Finding the Starting Point

Deciding where to start is a critical and challenging part of serving retirement plans. 

Holly Verdeyen, director of defined contribution investments at Russell Investments, says where plan advisers can help the client most “depends on the plan sponsor’s starting point.”

One lesson retirement plan service providers learn quickly is that each plan is different—with different demographics, levels of employer commitment and amount of groundwork done. But as Verdeyen observes, keeping fees down is pivotal for all plans.

“Plan governance and plan menu design are also big areas to focus on because good governance is key for proper plan oversight,” she adds, “and plan design drives participant behavior.”  

She says advisers should also generally encourage plan sponsor clients to revisit how their participants’ portfolios break down, based on their age, and do a full plan re-enrollment, moving non-responding participants into the plan’s qualified default investment alternative (QDIA), if necessary, she says.  

For plan sponsors still unsure about the value of “institutionalizing” their plans, Michael Swann, director of DC strategy for SEI Investments Co., recommends leveraging industry thought leadership to demonstrate how participants’ behavioral tendencies can sabotage their saving habits and how institutionalization could counteract that, increasing the whole retirement program’s effectiveness.

For example, he says, “there have been several studies done that have shown the fewer choices that you offer participants—and just choices in general if you look at behavioral economics—the better decisions people tend to make, from enrolling in the plan to deferring in the plan to how they allocate their money.”

NEXT: Fighting the ‘maintenance mentality’

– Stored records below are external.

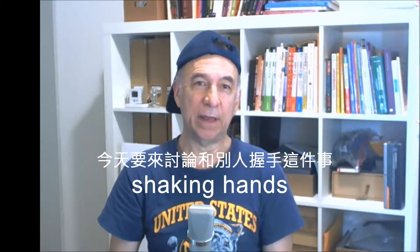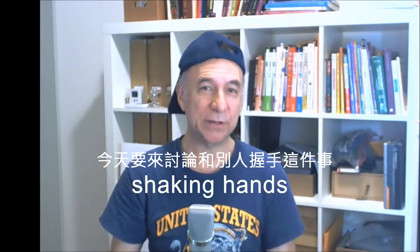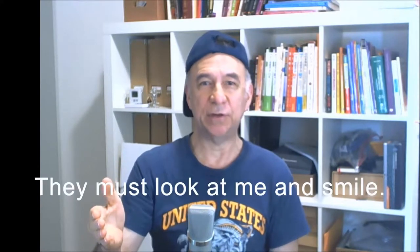Hello everyone, it's Teacher Steve with TopABC, and today we're talking about shaking hands and how I teach your kids to do it. When your child walks into the classroom, I reach out like this and I say, 'Good to see you, Jeffrey.'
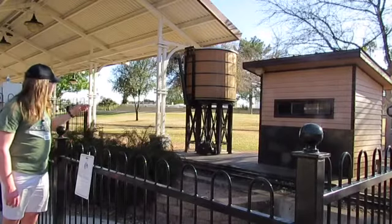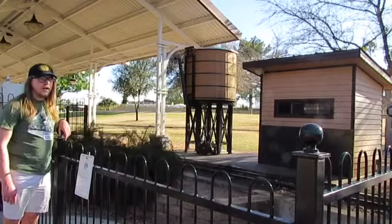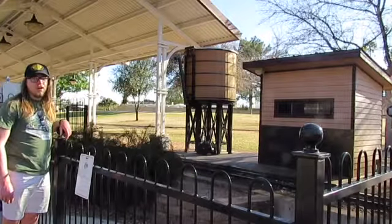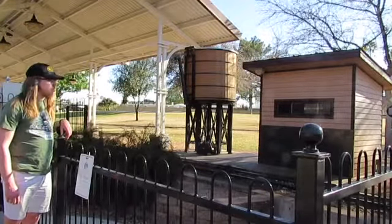Thank you. What you see right there is the water tower that was used for the steam engines, and they're running. The steam engine went right near the park, and it's a Pacific 15-inch scale roller.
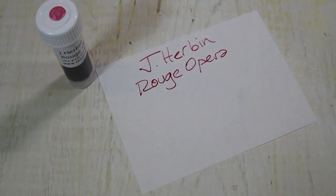I'm going to do a quick swab and I'm going to get a good bit of ink on here so you can see this really well.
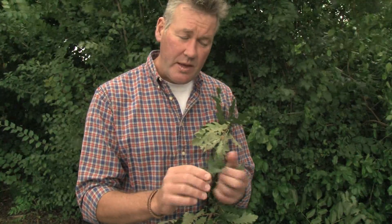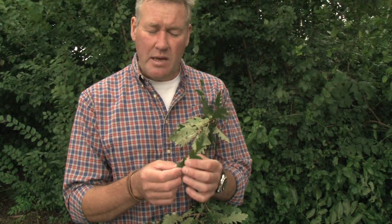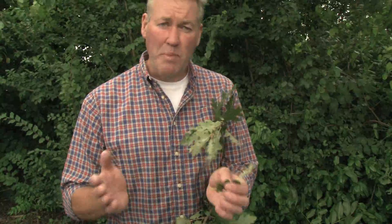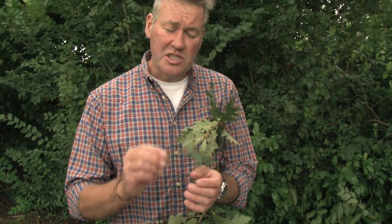Turkey oak shares part of its name with our native oaks but in terms of timber and growth characteristics it's quite different. It's much faster growing than our native oaks, but that's about where the positive qualities stop. Timber quality is relatively poor — the timber tends to warp badly and doesn't stay stable and straight when sawn, tending to spring, split, and check, where the ends open up. Most turkey oak grown in the UK will probably only end up as firewood.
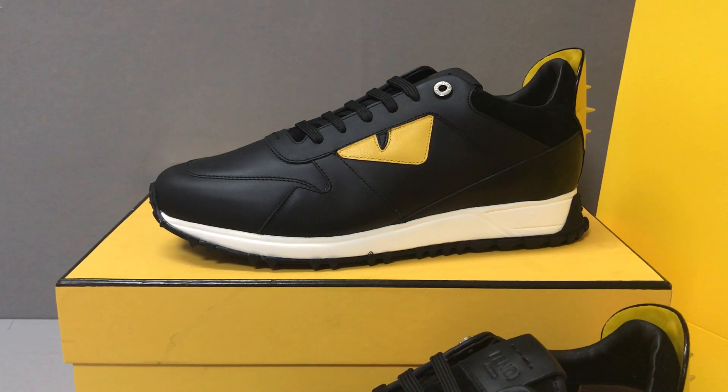Hello guys, I'm Ken. Now I will show you a Fendi Lace Up Sneaker.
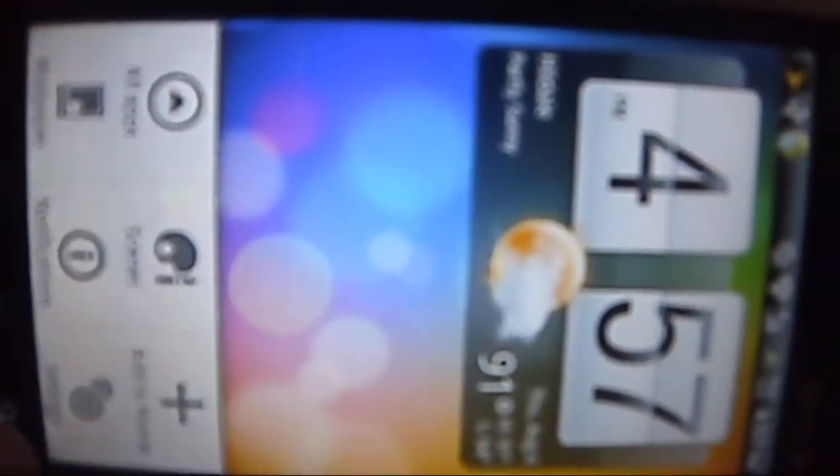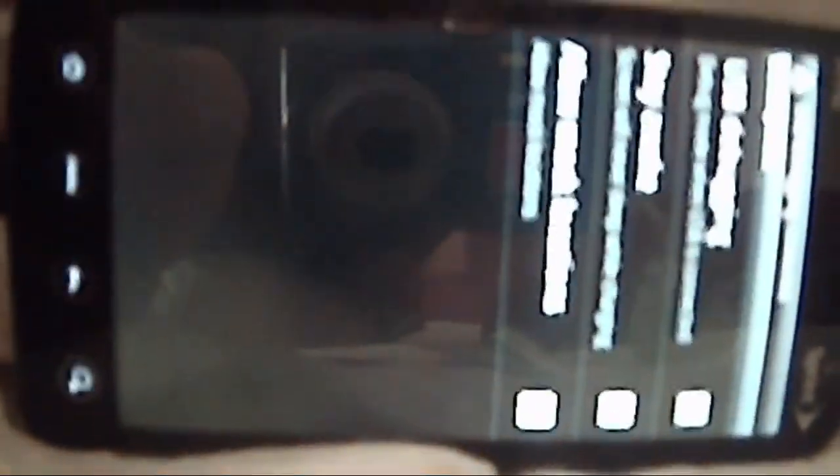Go to Menu, then Settings, and then scroll down to Application, go to Development, and then be sure to enable USB Debugging and press OK. Then you read the message and press OK.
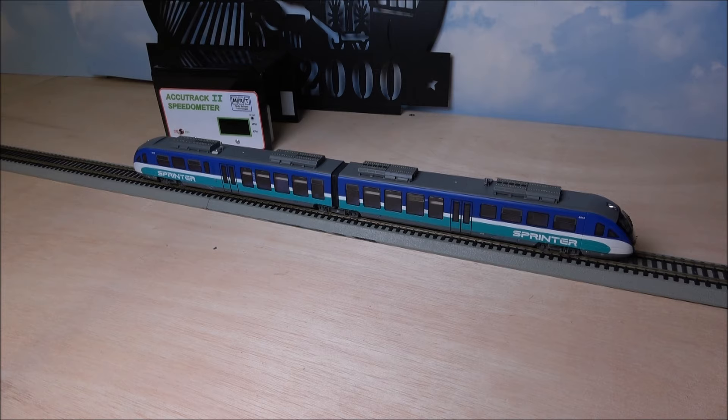F17 plays a watch your step announcement: 'Attention passengers, please watch your step while boarding the Sprinter. Once again, please watch your step while boarding the Sprinter. Thank you.' F19 is the station stops — if you keep triggering F19, it'll list more and more stops, going all the way from station 13 down to station 1 in sequence, covering all the stations the Sprinter services in California. F20 lists the final stop.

Swann continues: “With a broader approach and a simplified menu, you might have only two options that are active in U.S. equity—a large cap and maybe a small cap. If you have these two options and they contain both growth and value managers, there’s a lot less temptation to chase performance when you’re only making a strategic decision between two different market caps.”

This simplification—a best practice of institutional plans—encourages participants to think more strategically and longer-term about their allocations, Swann says.

Advisers could also begin with a custom analysis of both replacement income targets and the projected effect on the company’s bottom line if participants need to work past retirement age.

“It really comes down to defining success,” Verdeyen says. Noting that advisers often help their sponsor client define and measure what success means to a plan, she urges them to frame institutionalization as something that can have a measurable improvement on their employees’ ability to successfully retire. 

To this end, they can provide data on how institutionalizing the plan can lead to better participant outcomes, in terms of lower fees, improved participant decisionmaking, a more equitable distribution of administrative fees and greater transparency.   

Some plan sponsors may just be satisfied with the status quo and resist making this change—either in total or just in part. “Some DC plan sponsors may believe their DC plans are basically good enough,” she says, “and they are content to operate in maintenance mode as opposed to improvement mode. Again, it’s a mindset,” she says.

For the rest, Verdeyen warns against “the maintenance mentality,” wherein plan sponsors will focus on just maintaining changes made so far. “Advisers should encourage their clients to not lose sight of the more strategic decisions, like plan menu design, qualified default investment alternative [QDIA] selection and plan mapping decisions, which can really move the dial when it comes to participant retirement readiness,” she says.